● GOAL OF THE EXERCISE
Search the data below for "para"; list each line that holds it.

---------- DATA TO EXAMINE

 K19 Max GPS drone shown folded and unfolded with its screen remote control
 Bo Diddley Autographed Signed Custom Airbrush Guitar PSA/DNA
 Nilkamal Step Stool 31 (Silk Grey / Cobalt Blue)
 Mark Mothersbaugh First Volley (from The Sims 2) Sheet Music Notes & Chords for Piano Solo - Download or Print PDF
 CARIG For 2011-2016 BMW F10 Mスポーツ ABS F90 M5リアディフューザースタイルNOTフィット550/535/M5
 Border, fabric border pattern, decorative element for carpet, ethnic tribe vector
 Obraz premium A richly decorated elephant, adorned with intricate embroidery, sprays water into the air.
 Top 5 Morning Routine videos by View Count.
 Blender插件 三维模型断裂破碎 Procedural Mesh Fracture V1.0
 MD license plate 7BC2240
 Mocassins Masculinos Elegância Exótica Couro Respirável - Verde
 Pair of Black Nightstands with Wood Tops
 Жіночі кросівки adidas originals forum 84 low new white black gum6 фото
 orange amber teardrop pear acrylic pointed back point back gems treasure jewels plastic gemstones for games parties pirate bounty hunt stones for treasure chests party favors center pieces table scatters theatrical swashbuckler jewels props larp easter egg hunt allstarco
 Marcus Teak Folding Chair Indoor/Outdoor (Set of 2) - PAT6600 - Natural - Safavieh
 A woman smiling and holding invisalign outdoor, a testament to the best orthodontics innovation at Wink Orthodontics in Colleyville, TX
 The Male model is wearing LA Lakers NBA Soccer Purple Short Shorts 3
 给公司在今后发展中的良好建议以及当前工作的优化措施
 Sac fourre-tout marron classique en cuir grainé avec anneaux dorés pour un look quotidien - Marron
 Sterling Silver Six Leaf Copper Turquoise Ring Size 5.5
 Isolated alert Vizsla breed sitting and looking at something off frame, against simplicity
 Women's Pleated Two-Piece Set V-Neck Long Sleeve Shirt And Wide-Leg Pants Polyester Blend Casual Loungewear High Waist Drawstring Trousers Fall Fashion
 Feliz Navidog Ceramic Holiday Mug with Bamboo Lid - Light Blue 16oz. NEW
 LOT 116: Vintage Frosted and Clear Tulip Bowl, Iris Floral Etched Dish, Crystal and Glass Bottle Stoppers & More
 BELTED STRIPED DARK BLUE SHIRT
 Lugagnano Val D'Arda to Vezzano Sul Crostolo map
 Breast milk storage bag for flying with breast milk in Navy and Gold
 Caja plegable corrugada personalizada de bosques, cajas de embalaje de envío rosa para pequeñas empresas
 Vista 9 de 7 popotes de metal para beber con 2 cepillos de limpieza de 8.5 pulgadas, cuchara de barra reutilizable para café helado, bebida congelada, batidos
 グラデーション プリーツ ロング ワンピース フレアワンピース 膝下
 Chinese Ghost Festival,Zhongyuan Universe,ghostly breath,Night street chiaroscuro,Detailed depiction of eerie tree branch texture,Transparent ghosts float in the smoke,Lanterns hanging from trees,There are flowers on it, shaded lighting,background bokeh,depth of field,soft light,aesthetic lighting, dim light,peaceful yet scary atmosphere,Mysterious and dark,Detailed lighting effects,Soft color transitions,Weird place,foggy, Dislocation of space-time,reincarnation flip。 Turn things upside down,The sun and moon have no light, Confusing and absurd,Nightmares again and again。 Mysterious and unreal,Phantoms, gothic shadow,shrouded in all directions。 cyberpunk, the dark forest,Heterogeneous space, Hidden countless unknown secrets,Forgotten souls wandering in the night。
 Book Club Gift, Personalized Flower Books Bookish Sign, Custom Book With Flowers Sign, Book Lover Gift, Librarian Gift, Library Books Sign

--------------------

● YOUR RESPONSE
 Caja plegable corrugada personalizada de bosques, cajas de embalaje de envío rosa para pequeñas empresas
 Vista 9 de 7 popotes de metal para beber con 2 cepillos de limpieza de 8.5 pulgadas, cuchara de barra reutilizable para café helado, bebida congelada, batidos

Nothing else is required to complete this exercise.